Compare that to the most-wanted gig tickets of the past year. General admission standing for Taylor Swift’s Eras tour started at around £110, with seated tickets from £194. That’s already a hefty chunk of dough, but concertgoers who bagged those tickets were very much the lucky ones – they were snapped up instantly, with resale prices reaching £4,256.
It was a similar deal with Oasis and their much-vaunted comeback tour. While the cheapest tickets started at around £73 for seated spots and general standing tickets were initially about £150 – a far cry from the £22.50 admission for the band’s Knebworth gig back in 1996 – dynamic pricing saw these numbers escalate wildly. Writing for The Independent, Emma Clarke described the practice as a “disgraceful racket” after waiting for hours, only to be offered tickets for £700 each.

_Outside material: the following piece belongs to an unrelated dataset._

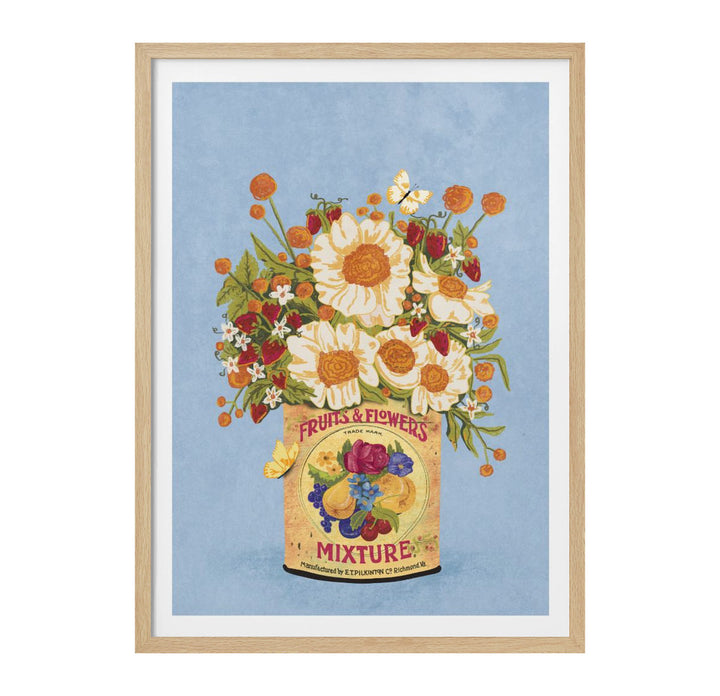 Cuadro "Flowers in a vintage tea can"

However long-awaited a reunion might be, and however great a night out you might end up having, surely shelling out more than the cost of a Glastonbury ticket – more, in fact, than the cost of a trip abroad – is beyond the pale?

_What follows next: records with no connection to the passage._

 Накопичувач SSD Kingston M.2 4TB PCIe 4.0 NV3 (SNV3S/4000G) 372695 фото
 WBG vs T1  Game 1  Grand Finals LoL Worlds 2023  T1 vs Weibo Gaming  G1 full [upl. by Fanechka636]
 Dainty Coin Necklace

Over the past 30 years, the average UK concert ticket price has increased by 521 per cent, according to analysis from the Yorkshire Post. In 1996, it was £16.99; in 2025, it’s £105.60. If ticket prices had risen in line with inflation, that number would be £34.18. Furthermore, the biggest price jump has happened only very recently, with gigs seeing a massive 80.5 per cent increase between 2021 and now.

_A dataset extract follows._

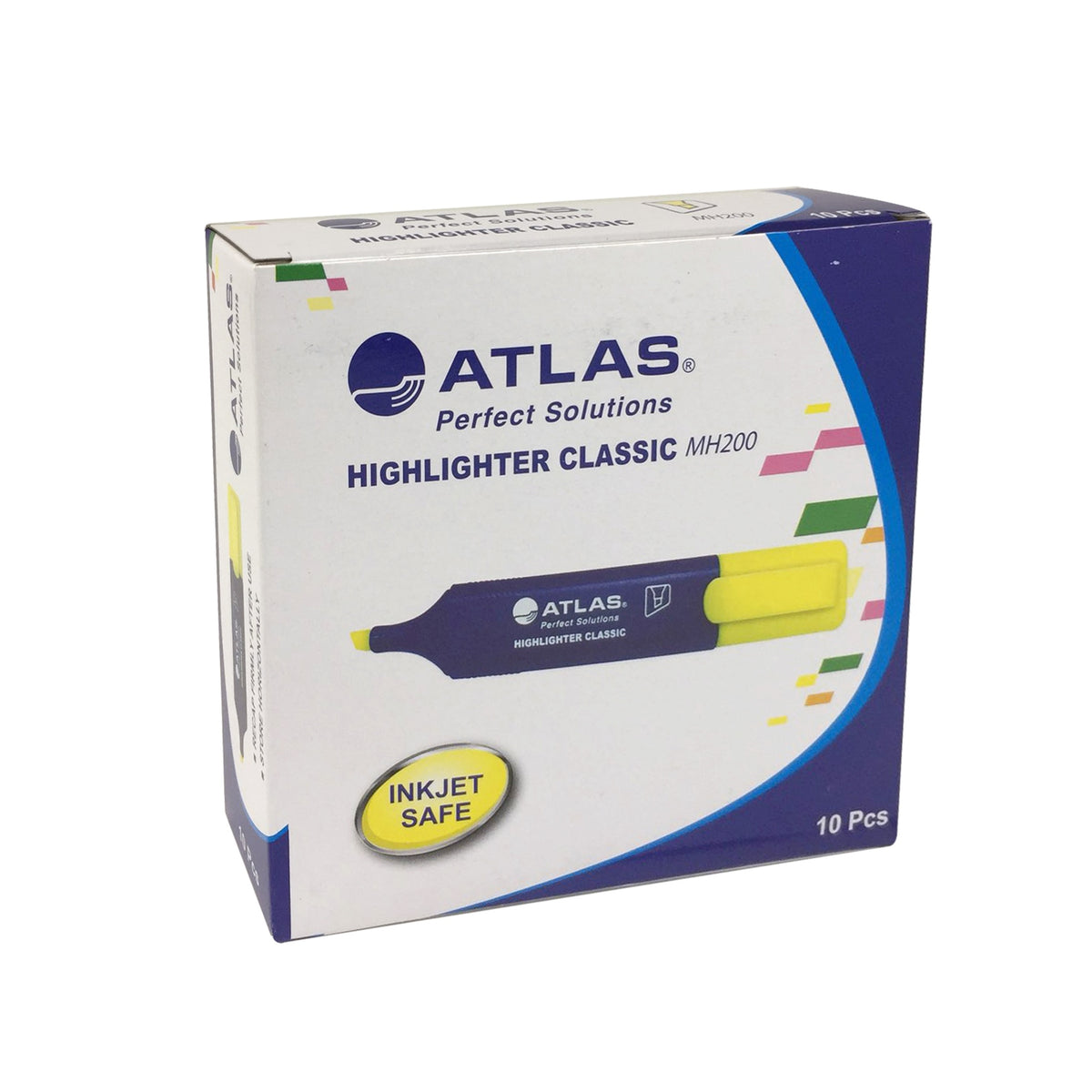 Atlas Highlighter Pack Yellow - Al Masam Stationery LLC Main image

It raises the question: who is able to afford all of these lovely, real-world experiences? I know some people who took their kids to see the artist du jour, whether it be Tay-Tay, Sabrina Carpenter or Olivia Rodrigo, more than once. Is everyone suddenly a secret millionaire nowadays?
Unlikely. In fact, people may be cutting back in other areas of life to meet the arm-and-a-leg costs for these IRL “bucket list” activities. Fewer UK families went on holiday this summer as the cost of living crisis hit household budgets, according to Advantage Travel Partnership. The travel trade organisation said its members recorded a 3 per cent reduction in the number of holidaymakers travelling as part of a family in summer 2025 compared with the previous year. Holiday group Jet2, meanwhile, cut its winter flight programme in September, saying earnings will be towards the lower end of forecasts due to a “less certain consumer environment”.
For others, the more concerning answer is that they’ll simply shove it on the credit card and saddle themselves with debt so they don’t miss out. The average credit card debt per borrower climbed to £2,920 this year, according to TransUnion’s consumer credit report 2025; the average credit card balance per borrower has grown by 15 per cent since 2022.
Clearly, something’s got to give. I don’t want to have to consider selling my vital organs every time I get invited out for tapas. But for now, at least, life’s little pleasures feel increasingly out of reach for the average Brit.